HyperCLOVA X 32B Think
NAVER Cloud HyperCLOVA X Team
TL;DR
HyperCLOVA X 32B Think (THINK) introduces a Korean-centric, decoder-only vision-language model with strong reasoning and agentic capabilities. It employs a unified text-vision Transformer with a Korean-tailored tokenizer and a ViT-based vision encoder, trained via a four-stage curriculum and a post-training RL loop (SFT and multiple RL objectives) to align with human preferences.

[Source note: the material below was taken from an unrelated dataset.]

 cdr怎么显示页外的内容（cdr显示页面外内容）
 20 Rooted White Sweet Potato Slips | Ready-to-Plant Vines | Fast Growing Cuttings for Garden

Across Korean text-to-text, vision-to-text, and agent benchmarks, THINK achieves competitive performance and demonstrates robust agentic behavior, while revealing English-language limitations and insights into catastrophic forgetting from sequential modality expansion. The model is released under an open-weight license, signaling practical impact for both academic and industry users and motivating further research, including joint multimodal training approaches such as HyperCLOVA X 8B Omni.
Abstract
In this report, we present HyperCLOVA X 32B Think, a vision-language model designed with particular emphasis on reasoning within the Korean linguistic and cultural context, as well as agentic ability. HyperCLOVA X 32B Think is pre-trained with a strong focus on reasoning capabilities and subsequently post-trained to support multimodal understanding, enhanced reasoning, agentic behaviors, and alignment with human preferences. Experimental evaluations against comparably sized models demonstrate that our model achieves strong performance on Korean text-to-text and vision-to-text benchmarks, as well as on agent-oriented evaluation tasks. By open-sourcing HyperCLOVA X 32B Think, we aim to support broader adoption and facilitate further research and innovation across both academic and industrial communities.